From Gatwick, easyJet (0905 821 0905; www.easyjet.com) competes with British Airways (0844 493 0787; www.ba.com), while Monarch (0870 040 5040; www.flymonarch.com) flies from Luton. From other parts of the UK, you could fly on Iberia (0870 609 0500; www.iberiaairlines.co.uk) via Madrid. From the airport you can walk into the town centre in about half an hour, catch one of the frequent buses, or pay about £5 for a taxi ride south.


Gibraltar is a peninsula about three miles long and up to two miles wide. But it is also startlingly three-dimensional. The higher reaches of the Rock rise to above 1,300ft along the eastern side, while the town – a dense network of streets and alleyways, plus the former dockyards – occupies the north-western corner, and looks west to the Spanish port of Algeciras. Africa lies 13 miles south across the straits; to the east is the Mediterranean.

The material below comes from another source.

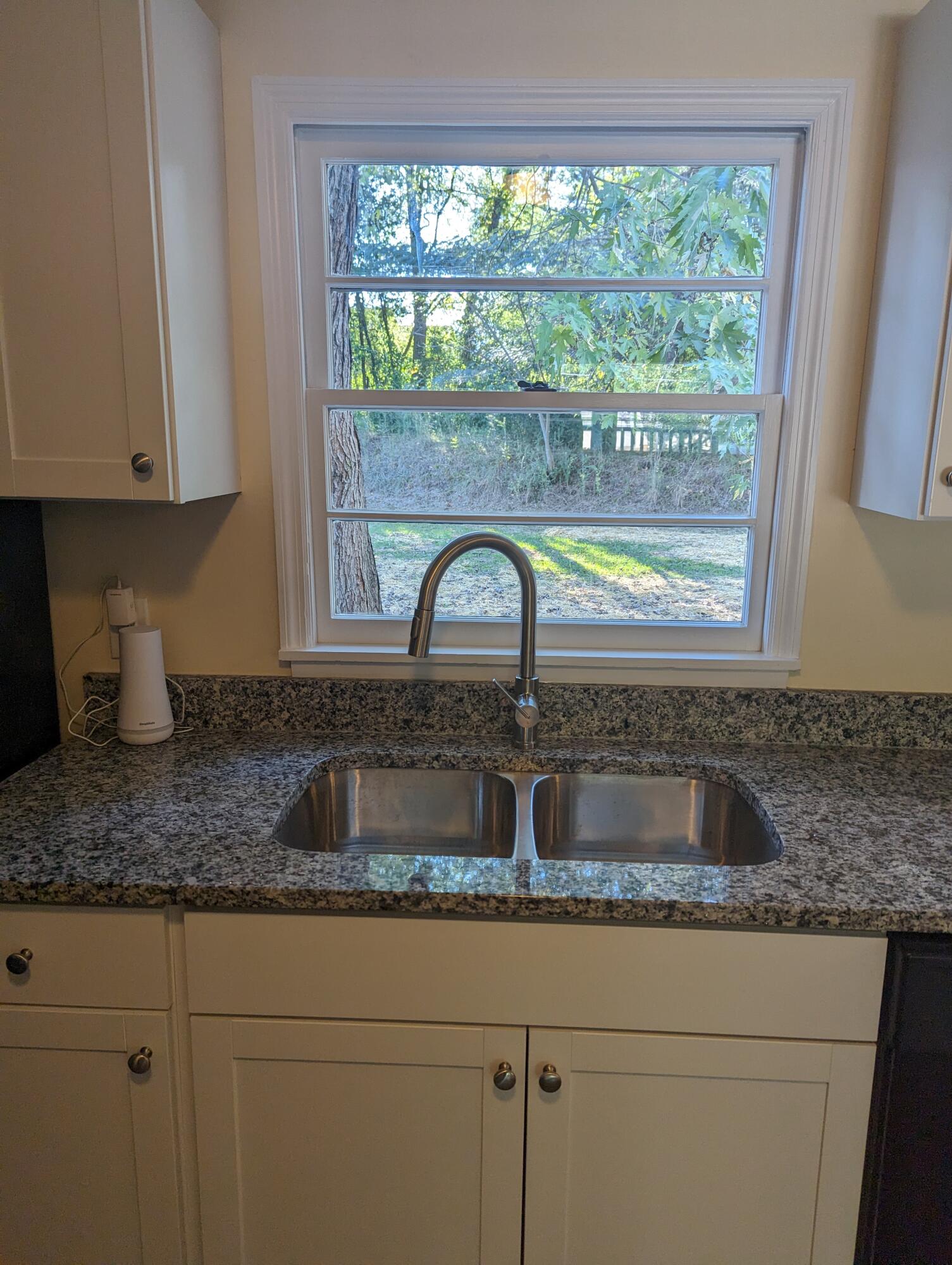4305 Norcross Road Hixson, TN 37343 - Photo 6 of 28 PXL_20230918_215943883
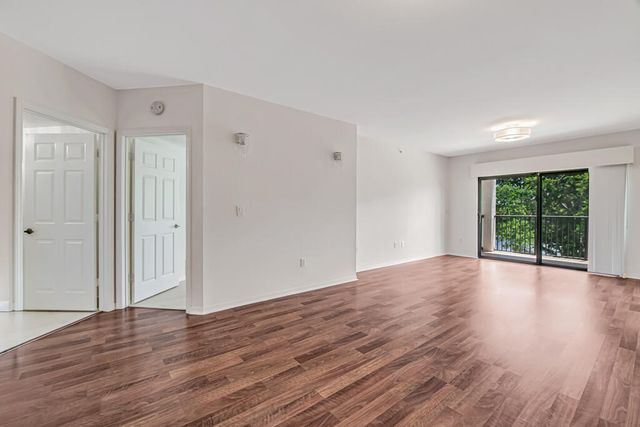 2105 Lavers Circle 306, Delray Beach, FL 33444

The overture to the town is Casemates Square (1), flanked by some of the fortifications that have evolved over the centuries. Just on the western side of this triangular plaza is the tourist office (00 350 74982; www.gibraltar.gi/tourism), which opens Monday to Friday 9am-5.30pm, Saturday 10am–3pm and Sunday 10am-1pm. From here, Main Street runs south.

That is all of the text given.